So I was reading Slashdot yesterday when I came across a link to this article which is basically a crash course in writing super small programs using assembly language (nasm in Linux). I was completely in awe of their acquired 45 byte executable and took it upon myself to learn the basics of assembly.

My first attempt was to write a hello world (the article writes a 45 byte executable that just returns the number 42). That worked super well and was as easy as I thought, so I decided to play around with a couple of more system calls and write a program that sends hello world to a file in /tmp/. There were a few errors that I came across, so I got some help from the friendly guys in #asm on freenode IRC and figured out the last part.

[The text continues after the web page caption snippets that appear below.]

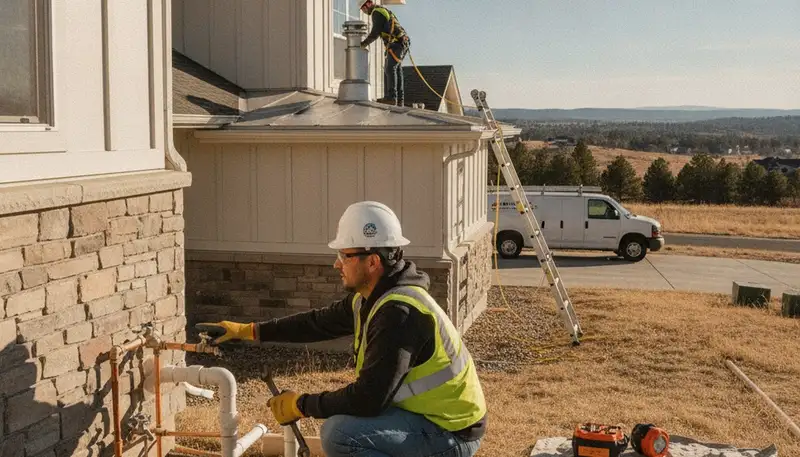Colorado Springs, CO plumber repairing a pipe for residential plumbing service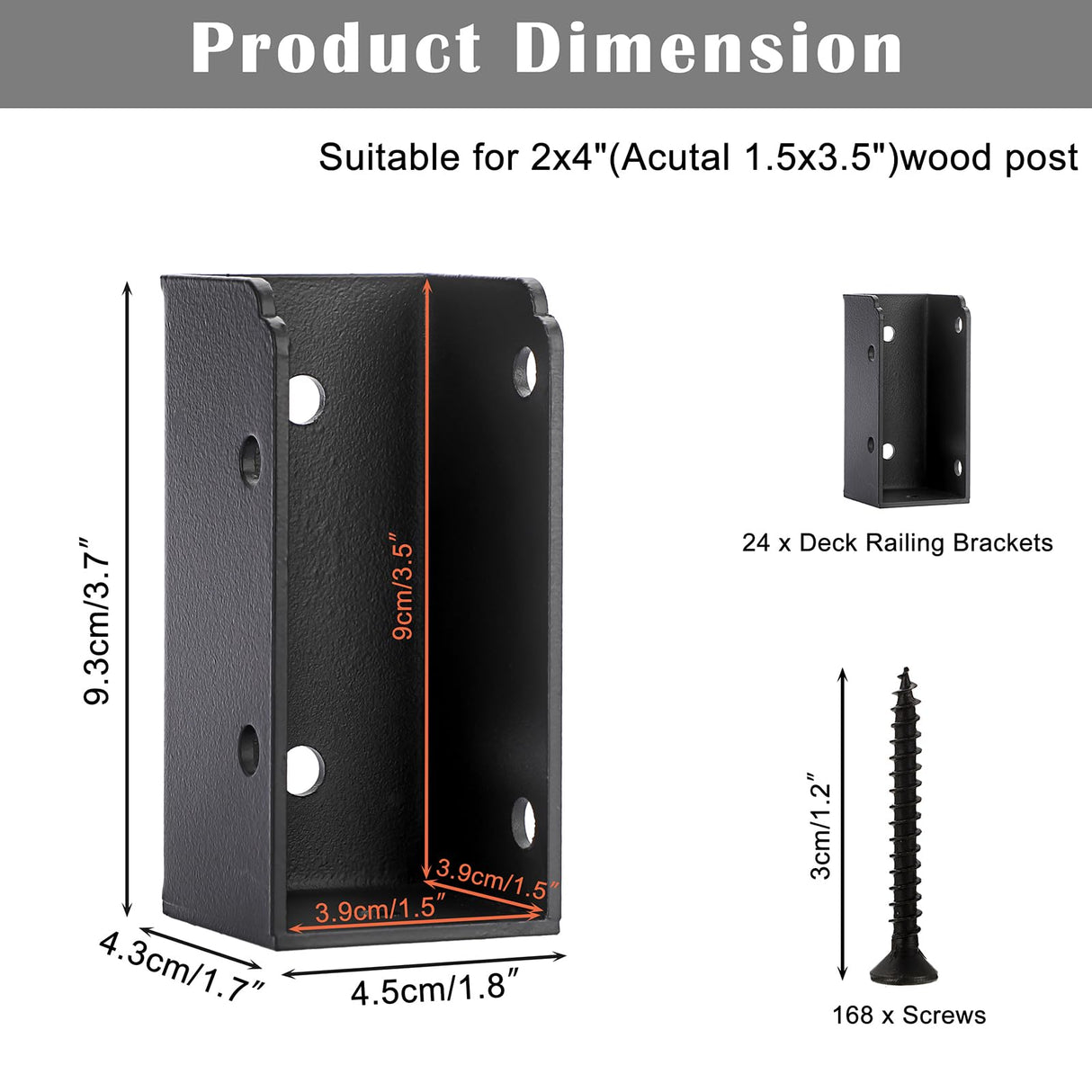 Sumnacon Deck Railing Bracket Connectors 24 pcs Stainless Steel Railing Bracket for 2''x4'' Wood Post Sturdy Railing Connectors with Screws for Fence Black Railing Bracket Kit for Deck Project Sumnacon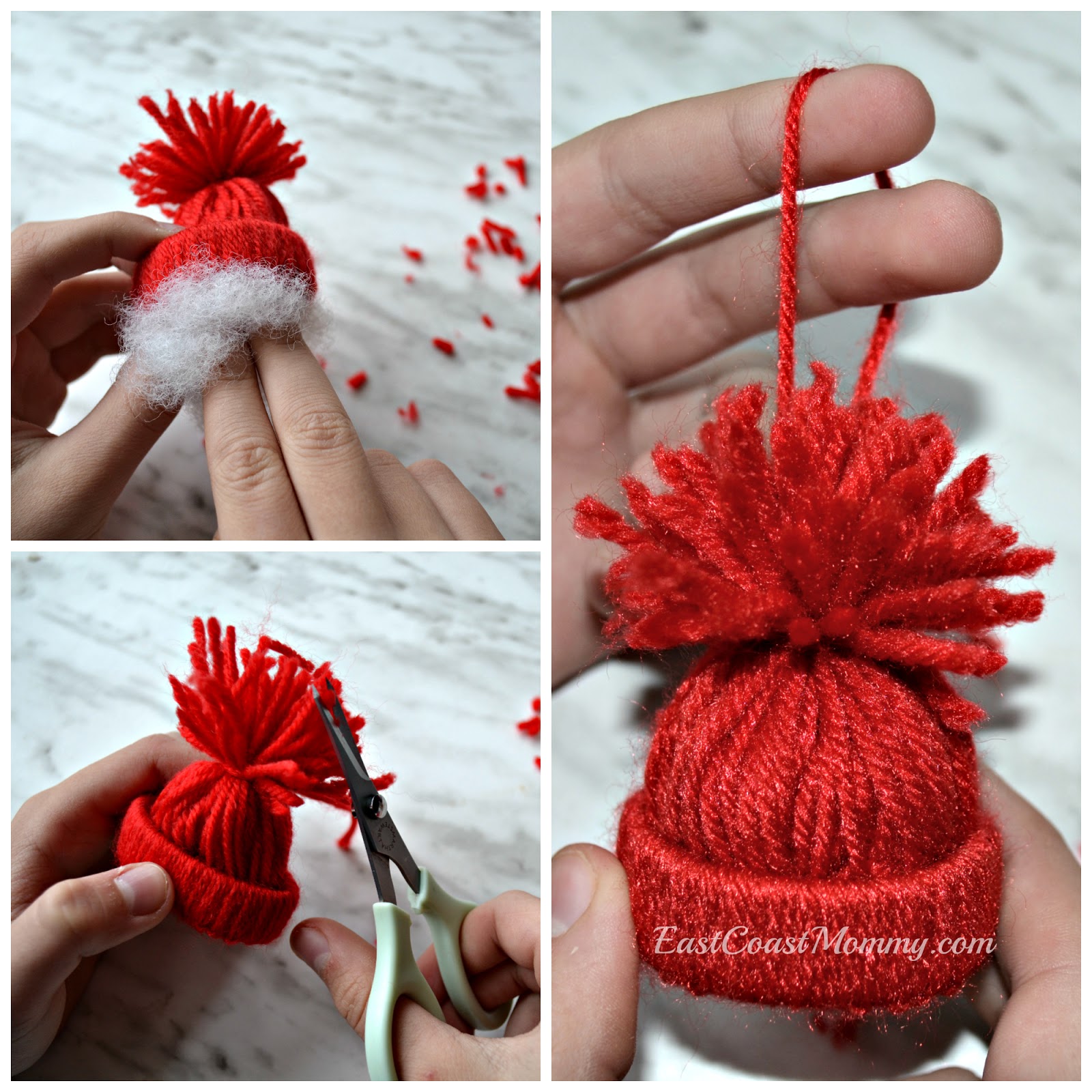 East Coast Mommy WARM WISHES Yarn Hat Ornaments... with free printable
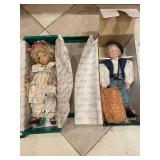 Pair of Collectible Mother Goose Dolls by Knowles - Mary and Little Boy Blue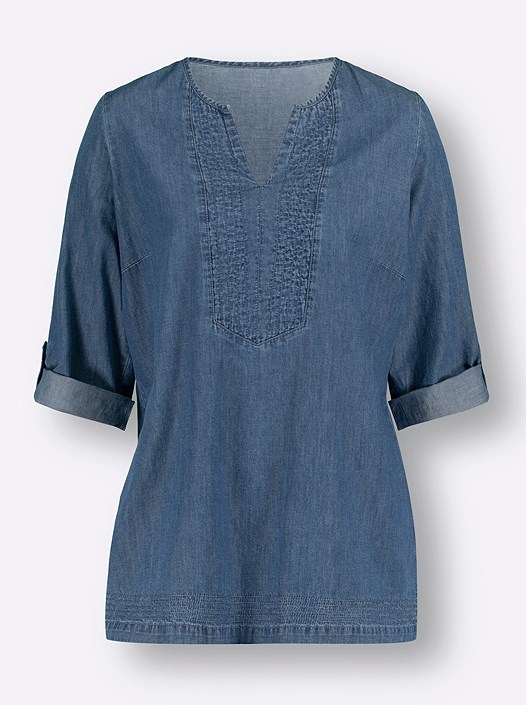 Creation L Blue-Stone-Washed Rounded V-Neck Tunic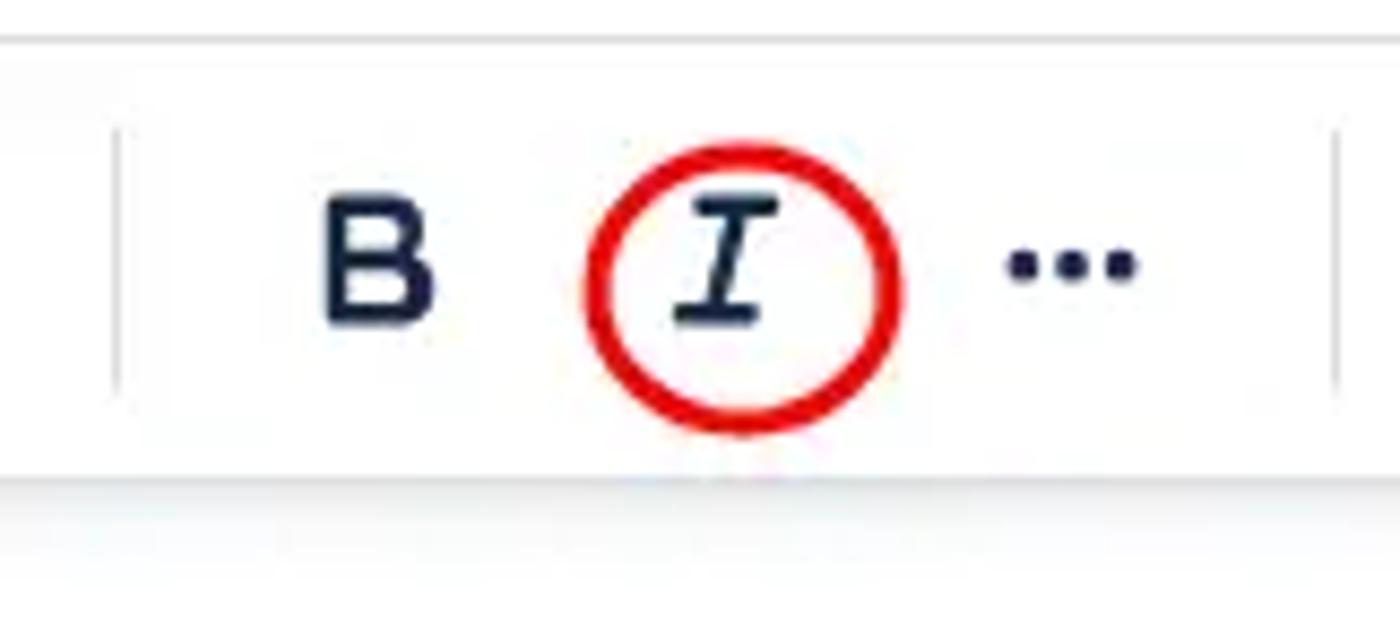 A screenshot of the Confluence page toolbar, with the italic text button circled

Here is the code, and after it is an explanation of the two parts the screwed me up.

; tiny.asm
BITS 32
		org		0x08048000

	ehdr:                                       ; Elf32_Ehdr
		db			0x7F, "ELF", 1, 1, 1, 0         ;   e_ident
		times		8 db      0
		dw			2                               ;   e_type
		dw			3                               ;   e_machine
		dd			1                               ;   e_version
		dd			_start                          ;   e_entry
		dd			phdr - $$                       ;   e_phoff
		dd			0                               ;   e_shoff
		dd			0                               ;   e_flags
		dw			ehdrsize                        ;   e_ehsize
		dw			phdrsize                        ;   e_phentsize
		dw			1                               ;   e_phnum
		dw			0                               ;   e_shentsize
		dw			0                               ;   e_shnum
		dw			0                               ;   e_shstrndx
  
	ehdrsize		equ		$ - ehdr
  
	phdr:                                       ; Elf32_Phdr
		dd			1                               ;   p_type
		dd			0                               ;   p_offset
		dd			$$                              ;   p_vaddr
		dd			$$                              ;   p_paddr
		dd			filesize                        ;   p_filesz
		dd			filesize                        ;   p_memsz
		dd			5                               ;   p_flags
		dd			0x1000                          ;   p_align
  
	phdrsize		equ	$ - phdr

_data:
		msg		db		"Hello, World!", 0xa
		len		equ   $ - msg
		file		db		"/tmp/test.out", 0x0

_start:
		; create the file /tmp/test.out
		mov		eax, 5
		mov		ebx, file
		mov		ecx, 66
		int		0x80

		; save the file descriptor
		mov		ebx, eax

		; set read/write permissions on the file
		mov		eax, 94
		mov		ecx, 0x1ff
		int		0x80

		; write the string to the file
		mov		eax, 4
;		mov		ebx, 1			; uncomment this to print to stdout instead
		mov		ecx, msg
		mov		edx, len
		int		0x80

		; close the file
		mov		eax, 6
		int		0x80

		; exit
		mov		eax, 1
		mov		ebx, 0
		int		0x80

filesize			equ	$ - $$

You can build and execute this yourself straight from Linux command line if you have nasm installed by saving it as tiny.asm and executing “nasm -f bin -o a tiny.asm && chmod +x a”. I have the ELF headers embedded directly into the assembly and we use ZERO external libraries so there is no linking needed. In fact, since pretty much everything executed is system calls, you can then run strace on the resultant executable (named “a”) and it will give you a pretty nice dump of exactly what it does.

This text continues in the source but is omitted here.